Reproduce each line of the material precisely.

★ ★ ★ ★

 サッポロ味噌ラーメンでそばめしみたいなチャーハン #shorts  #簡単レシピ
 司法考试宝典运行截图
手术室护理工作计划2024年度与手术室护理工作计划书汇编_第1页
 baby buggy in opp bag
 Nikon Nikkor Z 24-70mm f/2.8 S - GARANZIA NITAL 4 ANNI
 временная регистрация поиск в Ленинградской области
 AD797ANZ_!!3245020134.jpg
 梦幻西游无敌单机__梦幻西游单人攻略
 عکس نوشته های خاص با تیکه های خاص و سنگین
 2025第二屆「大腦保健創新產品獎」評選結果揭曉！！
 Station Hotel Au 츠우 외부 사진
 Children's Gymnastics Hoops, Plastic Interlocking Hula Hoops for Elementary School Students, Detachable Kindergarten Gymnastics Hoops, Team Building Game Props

★ ★ ★ ★

Completed task:
 サッポロ味噌ラーメンでそばめしみたいなチャーハン #shorts  #簡単レシピ
 司法考试宝典运行截图
手术室护理工作计划2024年度与手术室护理工作计划书汇编_第1页
 baby buggy in opp bag
 Nikon Nikkor Z 24-70mm f/2.8 S - GARANZIA NITAL 4 ANNI
 временная регистрация поиск в Ленинградской области
 AD797ANZ_!!3245020134.jpg
 梦幻西游无敌单机__梦幻西游单人攻略
 عکس نوشته های خاص با تیکه های خاص و سنگین
 2025第二屆「大腦保健創新產品獎」評選結果揭曉！！
 Station Hotel Au 츠우 외부 사진
 Children's Gymnastics Hoops, Plastic Interlocking Hula Hoops for Elementary School Students, Detachable Kindergarten Gymnastics Hoops, Team Building Game Props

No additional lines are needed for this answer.